Similarly, if signaling functions in part to attract sexual partners, we can readily explain the age and martial data as well. Those who are married are relatively less likely to engage in signaling for the purposes of attracting a mate, as they already have one. They might engage in such purchases for the purposes of retaining that mate, though such purchases should involve spending money on visible items for other people, rather than for themselves. Further, as people age, their competition in the mating market tends to decline for a number reasons, such as existing children, inability to compete effectively, and fewer years of reproductive viability ahead of them. Accordingly, we see that visible consumption tends to drop off, again, because the marginal value of sending such signals has surely declined.

“His most attractive quality is his rapidly-approaching demise”

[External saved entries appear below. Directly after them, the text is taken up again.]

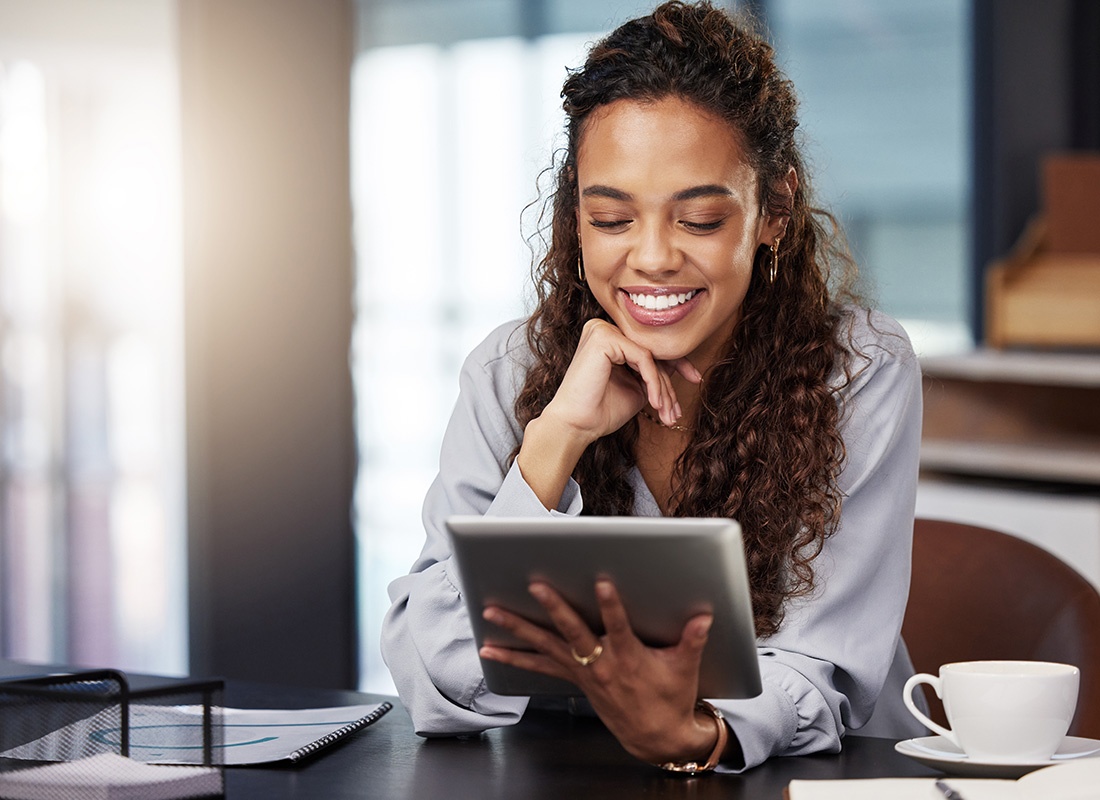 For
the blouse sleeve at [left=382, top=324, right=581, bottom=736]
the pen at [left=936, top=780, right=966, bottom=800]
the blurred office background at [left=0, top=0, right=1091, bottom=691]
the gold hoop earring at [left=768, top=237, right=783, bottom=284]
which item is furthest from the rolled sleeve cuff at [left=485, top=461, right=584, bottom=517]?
the blurred office background at [left=0, top=0, right=1091, bottom=691]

Finally, it is also worth noting other factors which might play an important role in determining the marginal value of this kind of conspicuous signaling. One of these is an individual’s life history. To the extent that one is following a faster life history strategy – reproducing earlier, taking rewards today rather than saving for greater rewards later – one might be more inclined to engage in such visible consumption, as the marginal value of signaling you have resources now is higher when the stability of those resources (or your future) is called into question. The current data does not speak to this possibility, however. Additionally, one’s sexual strategy might also be a valuable piece of information, given the links we saw with age and martial status. As these ornaments are predominately used to attract the attention of prospective mates in nonhuman species, it seems likely that individuals with a more promiscuous mating strategy should see a higher marginal value in advertising their wealth visibly. More attention is important if you’re looking to get multiple partners. In all cases, I feel these explanations make more textured predictions than the “signaling to not seem as poor as others” hypothesis, as considerations of adaptive function often do.

References: Charles, K., Hurst, E., & Roussanov, N. (2008). Conspicuous consumption and race. The Journal of Quarterly Economics, 124, 425-467.

Zahavi, A. (1975). Mate selection – A selection for a handicap. Journal of Theoretical Biology, 53, 205-214.